Le cadre narratif de BlackRock est très clair : Bitcoin = or numérique, pour couvrir les risques de dévaluation souveraine et monétaire. Ce point en soi n’est pas problématique, mais le souci réside dans le fait que — derrière l’institutionnalisation, la tokenisation et la transformation en ETF — les investisseurs particuliers finissent souvent par devenir les derniers à payer la facture. Vous vous souvenez de l’engouement lors de la sortie des premiers ETF sur l’or ? Ce sont finalement ceux qui détenaient réellement des actifs physiques qui ont gagné.
Aujourd’hui, BlackRock commence à préparer un ETF Bitcoin "à rendement", utilisant une stratégie d’options d’achat couvertes pour générer des revenus. Cela paraît professionnel, mais en réalité, c’est une façon pour les institutions de verrouiller leurs profits tout en dispersant le risque aux investisseurs particuliers en quête de "revenus supplémentaires". Je connais bien cette méthode — faire monter la notoriété en créant une hype, puis utiliser des produits dérivés complexes pour récolter les participants.

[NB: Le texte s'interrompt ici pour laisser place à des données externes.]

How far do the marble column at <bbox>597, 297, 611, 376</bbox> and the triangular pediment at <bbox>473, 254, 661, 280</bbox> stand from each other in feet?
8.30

Ma recommandation est simple : méfiez-vous des produits institutionnels habilement emballés. La valeur du Bitcoin existe réellement, mais ne vous laissez pas aveugler par le récit des "trois piliers". Interrogez-vous sur ce que vous comprenez vraiment — est-ce le Bitcoin lui-même, ou la conception complexe d’un produit financier ? Pour durer dans cette transition narrative, l’essentiel est de rester lucide, sans sacrifier la gestion du risque au nom de "l’optimisation des gains".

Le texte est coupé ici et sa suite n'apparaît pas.